In fact, spectrum analyzer users who have a max-hold button but no tracking generator sometimes use sweep generators or even noise diodes as the 'tracking' source. It's painfully slow -- brutally slow if you want 1 Hz resolution -- but it can be done.
Phase noise is normally treated as stationary for measurement purposes, for just that reason. The problem with high LO phase noise in an instrument like the Signal Hound lies in applications that have to run in real time. You can let your phase noise analyzer or your network analyzer run all night if necessary, not so much your QAM demodulator.
Still, the cheap LO synth chips are getting pretty good. The Signal Hound uses the ADF4350 IIRC, which is similar if not identical to what Tek uses in their gold-plated MDO4000 scopes. You can buy much worse spectrum analyzers than the Signal Hound, and spend a lot more money in the process.
My guess is YTOs are dead within 5 years.

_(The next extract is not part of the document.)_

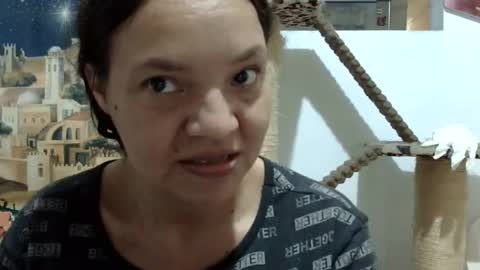 Elizabeth Martinez  online show from 01/06/25, 06:41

The integrated VCOs are just getting too good.
Two things worth keeping in mind: 1) The mass-market Elonics chip is likely quite a bit noisier than the $10 part used in the Signal Hound (and MDO4000); and 2) a direct-conversion SDR with a baseband IF has an LO noise advantage over a traditional YIG-based spectrum analyzer that has to run its first LO at 2+ GHz when measuring at HF.
The noise advantage is significant for HF/VHF measurement but of course becomes less of a factor in the microwave range.
,
Actually the Elonics data is using a less-common metric for integrated jitter in that data sheet, namely SSB carrier/noise ratio as would be seen through a filter of the specified width. Usually you see the equivalent figures in ps or fs, and with different limits of integration (12 kHz - 20 MHz being common in telecom.)
The HP 8568A/B is quieter, but its comparable figure is probably more like -55 dBc (not dBc/Hz!):
formatting link
I didn't have a plot out to 8 MHz handy, but mine shows -59.5 dBc between 1 kHz and 1 MHz. Most of the 8568's noise is going to be in the sub-100 kHz area anyway, so I wouldn't expect the 1 kHz-8 MHz performance to be very different.
For measurement of HF / VHF sources, the Signal Hound and HP 8568 will have fairly similar broadband PN floors. The flicker region, I'm not sure about.
That gets old really fast when you have to do wide sweeps at a few Hertz RBW.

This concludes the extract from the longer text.